UNITED STATES
SECURITIES AND EXCHANGE COMMISSION
Washington, D.C. 20549
FORM 8-K
CURRENT REPORT
Pursuant to Section 13 or 15(d) of the Securities Exchange Act of 1934
Date of Report (Date of earliest event reported): September 19, 2007
BARNES GROUP INC.
(Exact name of registrant as specified in its charter)
Delaware
(State or other jurisdiction of incorporation)
1-04801 | 06-0247840 | |
(Commission File Number) | (I.R.S. Employer Identification No.) |
123 Main Street, Bristol, Connecticut | 06011-0489 | |
(Address of principal executive offices) | (Zip Code) |
(860) 583-7070
Registrants telephone number, including area code
Not Applicable
(Former name or former address, if changed since last report)
Check the appropriate box below if the Form 8-K filing is intended to simultaneously satisfy the filing obligation of the registrant under any of the following provisions:
¨ | Written communications pursuant to Rule 425 under the Securities Act (17 CFR 230.425) |
¨ | Soliciting material pursuant to Rule 14a-12 under the Exchange Act (17 CFR 240.14a-12) |
¨ | Pre-commencement communications pursuant to Rule 14d-2(b) under the Exchange Act (17 CFR 240.14d-2(b)) |
¨ | Pre-commencement communications pursuant to Rule 13e-4(c) under the Exchange Act (17 CFR 240.13e-4(c)) |
Item 1.01 | Entry into a Material Definitive Agreement |
On September 19, 2007, Barnes Group Inc. (the Company) entered into a fourth amended and restated revolving credit agreement (the Amended Credit Agreement) with certain participating banks and financial institutions. Bank of America, N.A. continues to act as Administrative Agent for the lenders.
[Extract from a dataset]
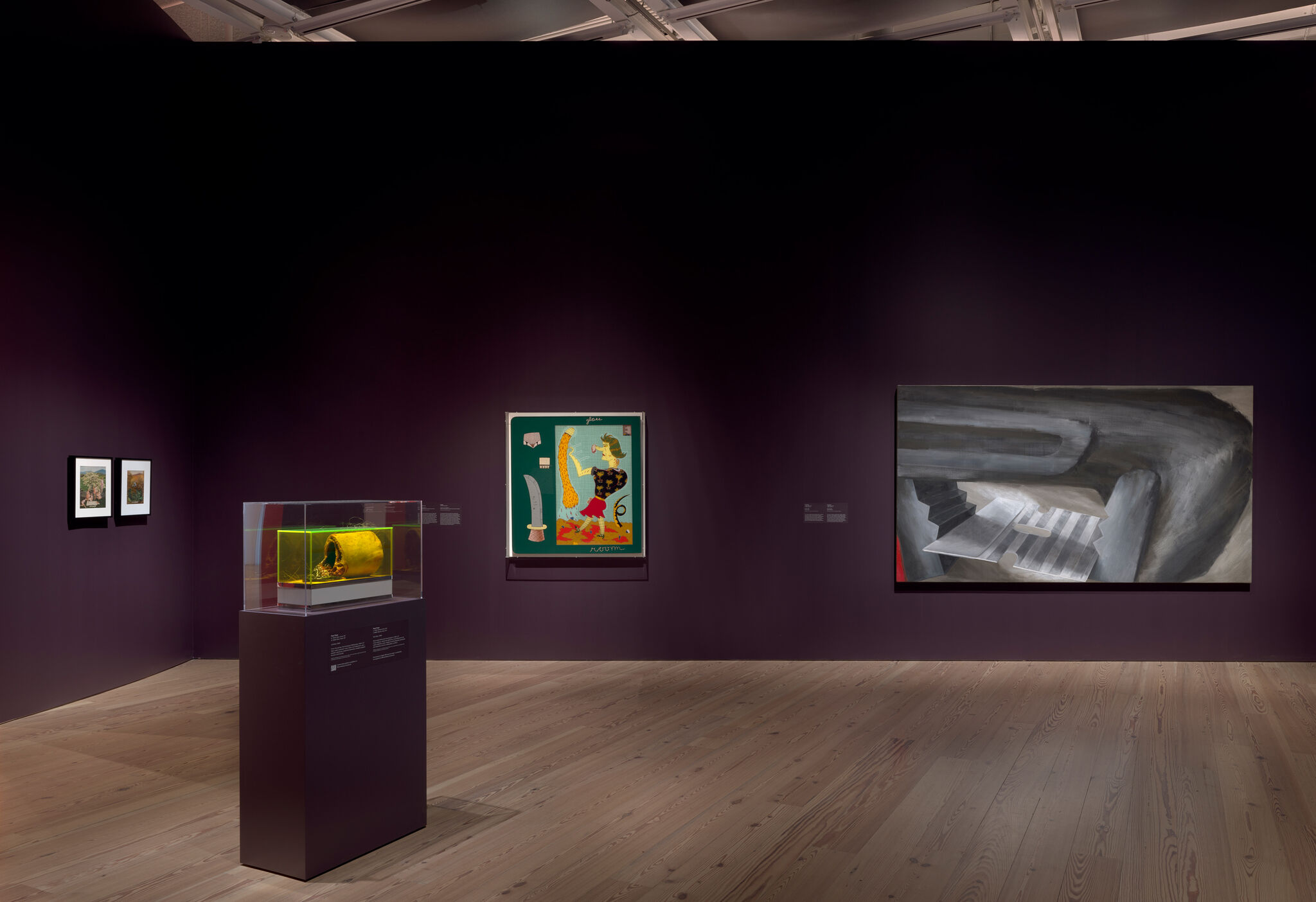 Museum gallery with paintings on deep purple walls and a protected glass case displaying a fluorescent yellow sculpture.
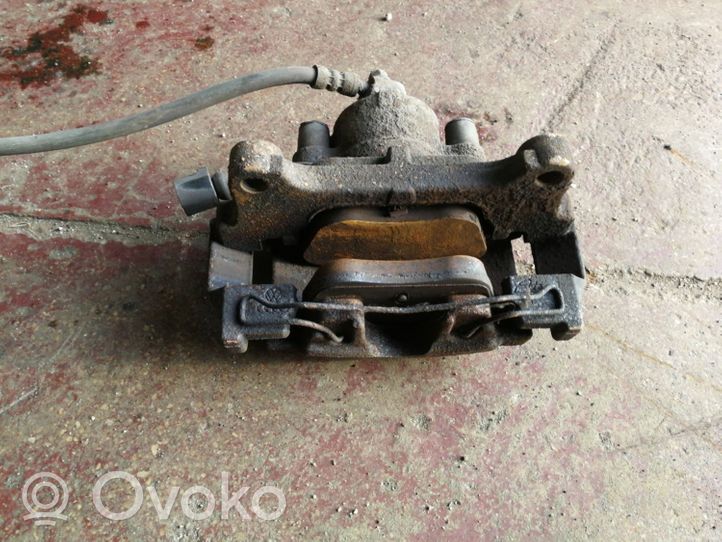 Volkswagen Tiguan Front brake caliper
The Amended Credit Agreement extends the maturity date to September 19, 2012 (with the option to extend such maturity date for an additional two years, subject to certain conditions); increases the borrowing availability of Barnes Group Switzerland GmbH (Swiss Co. and together with the Company, the Borrowers) to 100%; decreases the interest rate to LIBOR plus a spread ranging from 0.30% to 1.15%, depending on the Companys debt ratio at the time of the borrowing; and amends various financial and restrictive covenants, described in more detail below. Borrowings by Swiss Co. continue to be guaranteed by the Company. Pursuant to the Amended Credit Agreement, the Company is to pay a facility fee, calculated on the full amount of the borrowing facility, at a rate ranging from 0.10% to 0.35%, depending on the Companys debt ratio at the end of each fiscal quarter.
As with the prior revolving credit agreement the Borrowers borrowing capacity is limited by various debt covenants in the Amended Credit Agreement. The Amended Credit Agreement removes the covenant that required the Company to maintain a specified Consolidated Net Worth. The Amended Credit Agreement requires the Company to maintain a ratio of Consolidated Senior Debt to EBITDA of not more than 3.25 times at the end of each fiscal quarter ending on or before September 30, 2009, after which the ratio will decrease to 3.00 times. In addition, the Amended Credit Agreement requires the Company to maintain a ratio of Consolidated Total Debt to EBITDA of not more than 4.00 times for each quarter ending on or before September 30, 2009, and thereafter of not more than 3.75 times at the end of any fiscal quarter.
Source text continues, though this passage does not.